Our cabinet shows a luxurious variant of the original technical because the inlay with silver on the frieze and the pilaster gives it all its rarity and preciousness.
The International Exhibitions
The Fourdinois company stood out during every World’s Fair it entered.
1867 was a synonym for consecration for Henri-Auguste, who displayed for the second Parisian World’s Fair a cabinet which was immediately included in the collections of the South Kensington Museum of London – the first museum for decorative arts and also the most important at this time. Fourdinois’s booth, really noteworthy, was also honoured by the king of Spain, who bought the bed which was on display.
The Maison Fourdinois kept then on distinguishing itself during the World’s Fairs of Vienna in 1873, or Paris in 1878.

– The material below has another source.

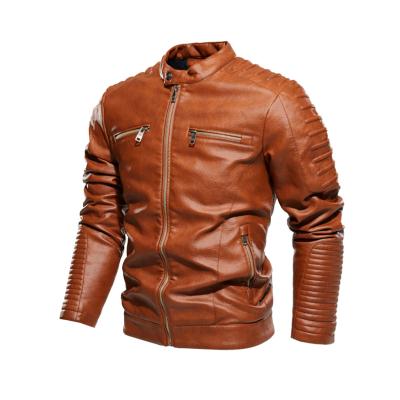 China QUICK DRY Mens Biker Zipper Cuff Solid Color Chest Pockets Stand Collar Customs OEM PU Leather Jacket for sale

Photography of the Fourdinois display in the International Exhibition of 1878
The end of the production
Henri-Auguste Fourdinois have received every honour an artistic woodmaker could dream of : next to the gold medals, the Grand Prix, the honorary diplomas, he was also awarded with the Croix de chevalier de la Légion d’honneur in 1870. If his company, on the edge of collapsing, had to close in 1887, it remains emblematic in its production of a taste and of an art of living characteristical of the Second Empire, still dazzling nowadays with its splendour and luxury.
We would here use Georges Barral’s words again, to significate in a more concrete way who Henri-Auguste Fourdinois was to his contemporaries : « half a century from here, the future furniture historians […] will quote Mr. Fourdinois’s name successively to the great names of his art […] we can not imagine that he will not appear among the illustrious ».